From: Gabriel Barazer <gabriel@barazer.net>
To: nfs@lists.sourceforge.net
Subject: mountd randomly crash and panic the server
Date: Wed, 11 Apr 2007 17:11:58 +0200 [thread overview]
Message-ID: <461CFABE.9050301@barazer.net> (raw)
Hello there,
I recently got a problem probably due to rpc.mountd (from nfs-utils
1.0.7). I have a file server running linux 2.6.20.3 and it crashed 4
times since march, 1st under a quite heavy load with the following
kernel errors in the syslog (which I have read after the crash, because
kernel probably panic()ed ano network access was possible)

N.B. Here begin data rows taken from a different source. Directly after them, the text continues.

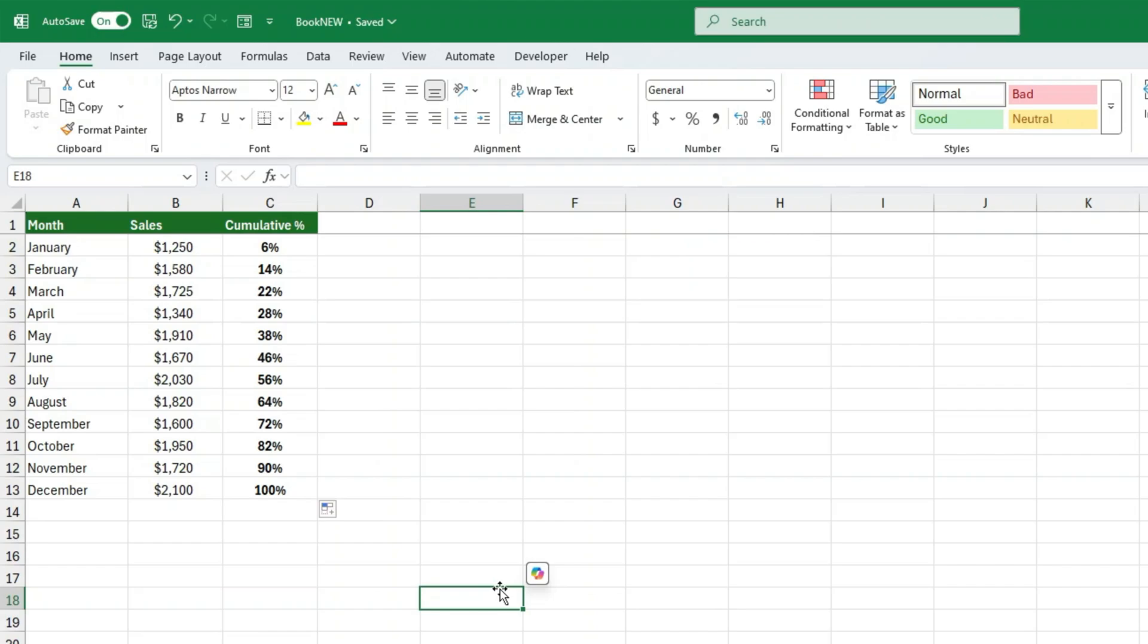Now that everything is working perfectly, just drag the formula down to apply it to all rows. You now have a fully working cumulative percentage calculation.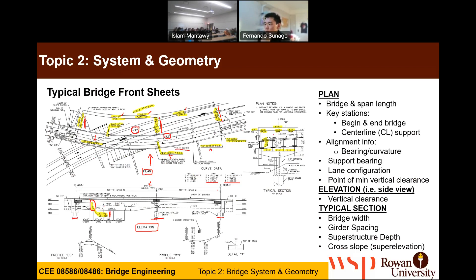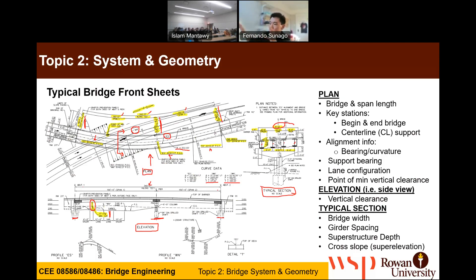A typical section is as if we're cutting the bridge and looking along it. You'll see the girders — this is a steel plate girder bridge, so you'll see one, two, three, four girder lines. We certainly want to show the width of the roadway, how it's configured, the shoulder width, the lane width — which is typically 12 feet — and then the shoulder width and the barrier. That's what we want to show on the front sheet.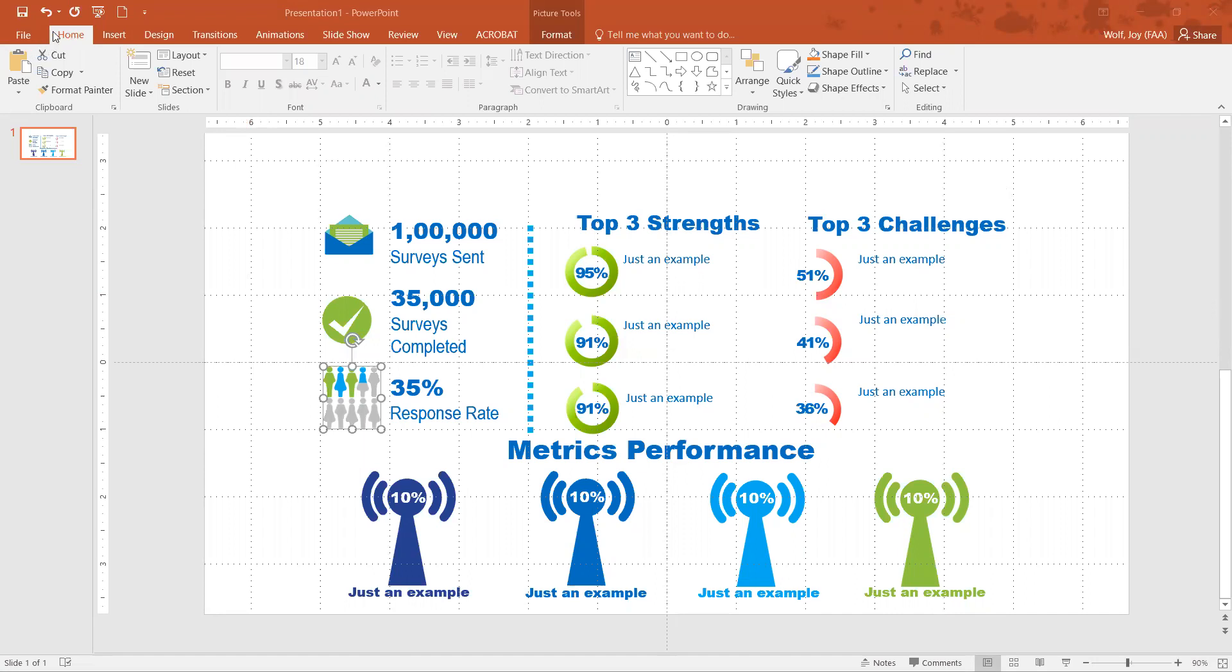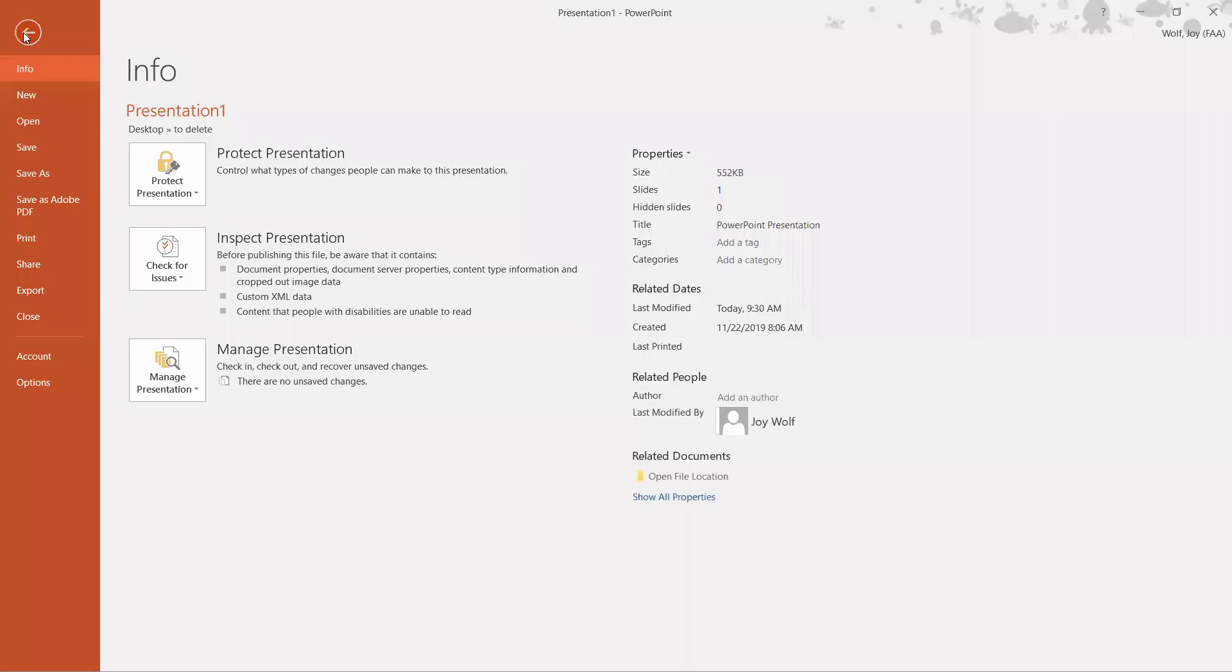We're going to click on the File tab and then on this menu on the far left-hand column we're going to click on Info.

Mar 19 19:52:57 filer1 kernel: general protection fault: 0000 [1] SMP
Mar 19 19:52:57 filer1 kernel: CPU 3
Mar 19 19:52:57 filer1 kernel: Modules linked in:
Mar 19 19:52:57 filer1 kernel: Pid: 2238, comm: rpc.mountd Not tainted 2.6.20.3 #1
Mar 19 19:52:57 filer1 kernel: RIP: 0010:[<ffffffff8053606f>] [<ffffffff8053606f>] cache_clean+0x11e/0x22f
Mar 19 19:52:57 filer1 kernel: RSP: 0018:ffff810068da7b68 EFLAGS: 00010206
Mar 19 19:52:57 filer1 kernel: RAX: ffffffff806a0e80 RBX: 0001e71926010009 RCX: ffffffff806a0e80
Mar 19 19:52:57 filer1 kernel: RDX: ffffffff806a0e80 RSI: 0000000000000071 RDI: ffffffff806a0e98
Mar 19 19:52:57 filer1 kernel: RBP: ffff8100090ad7c0 R08: 0000000000000000 R09: 000000000000006b
Mar 19 19:52:57 filer1 kernel: R10: 0000000000000000 R11: 0000000000000005 R12: 0000000000000000
Mar 19 19:52:57 filer1 kernel: R13: ffff810068da7e08 R14: 0000000000000006 R15: ffff81001669c000
Mar 19 19:52:57 filer1 kernel: FS: 00002ab0119c36e0(0000) GS:ffff81007ff397c0(0000) knlGS:0000000000000000
Mar 19 19:52:57 filer1 kernel: CS: 0010 DS: 0000 ES: 0000 CR0: 000000008005003b
Mar 19 19:52:57 filer1 kernel: CR2: 00002ab011474000 CR3: 000000007e228000 CR4: 00000000000006e0
Mar 19 19:52:57 filer1 kernel: Process rpc.mountd (pid: 2238, threadinfo ffff810068da6000, task ffff81006b5a6400)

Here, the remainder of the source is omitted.